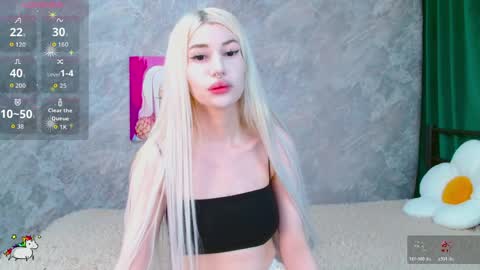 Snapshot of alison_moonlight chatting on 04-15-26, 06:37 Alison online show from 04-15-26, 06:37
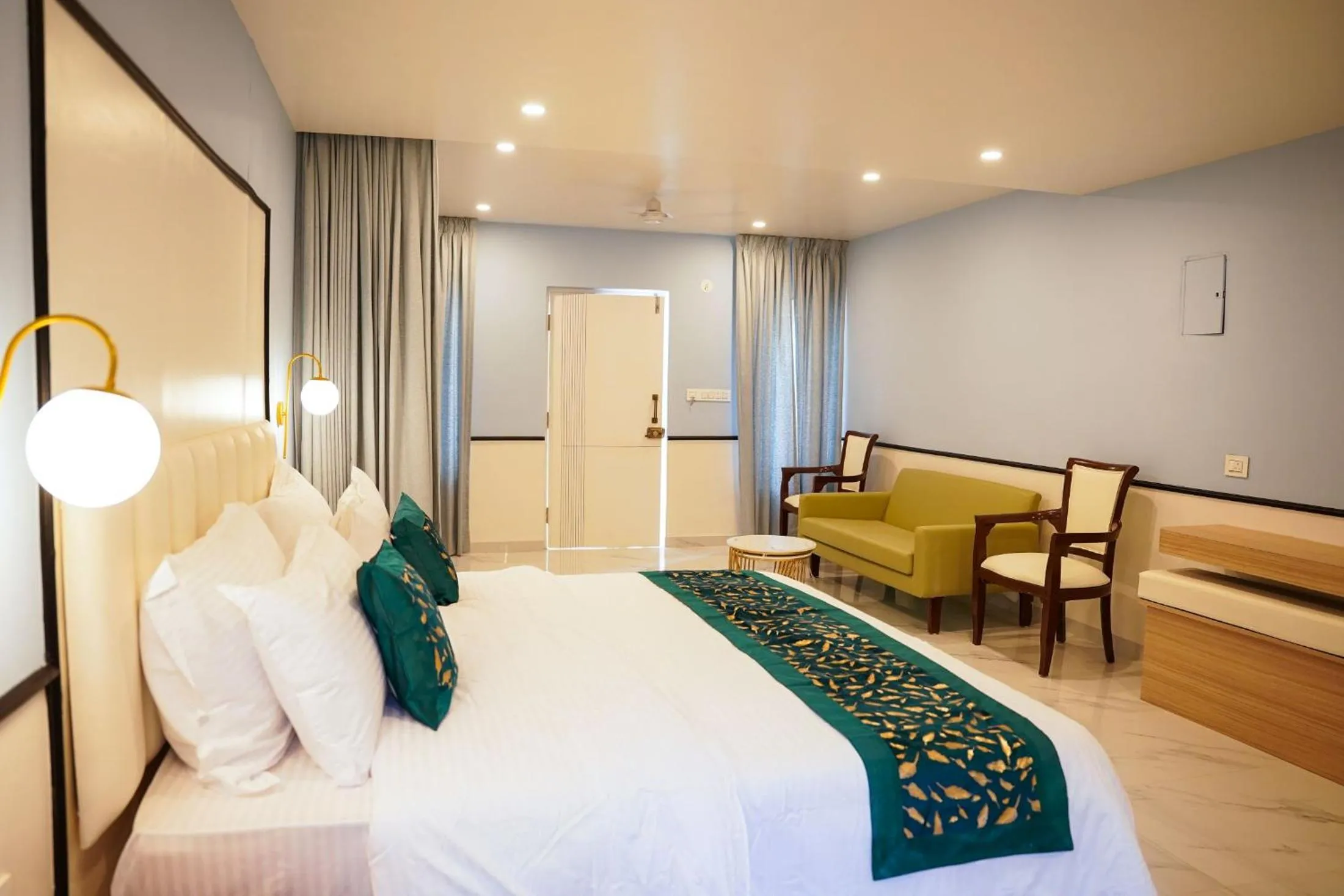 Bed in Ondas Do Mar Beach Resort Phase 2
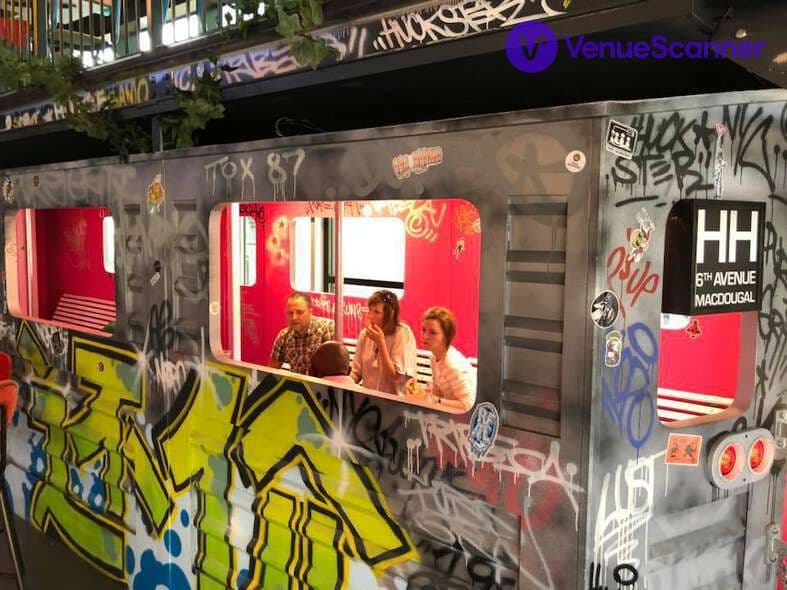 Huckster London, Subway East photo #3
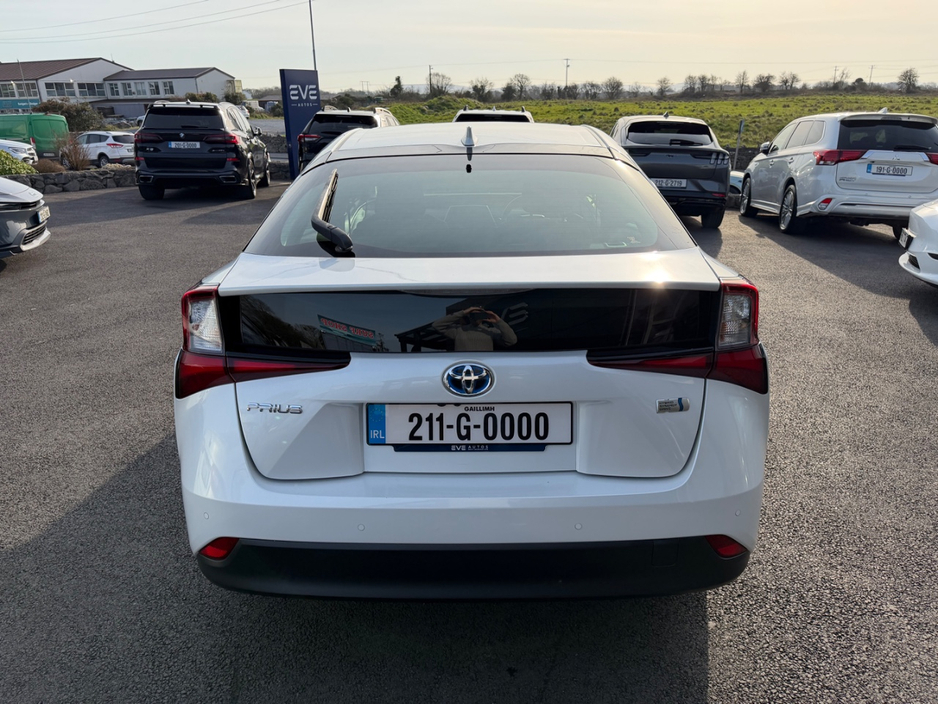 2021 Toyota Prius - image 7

· · · ·

WHAT TO WORK ON.
The task calls for repeating each line above exactly while excluding the pictures.

PROBLEM SOLUTION.
 Snapshot of alison_moonlight chatting on 04-15-26, 06:37 Alison online show from 04-15-26, 06:37
 Bed in Ondas Do Mar Beach Resort Phase 2
 Huckster London, Subway East photo #3
 2021 Toyota Prius - image 7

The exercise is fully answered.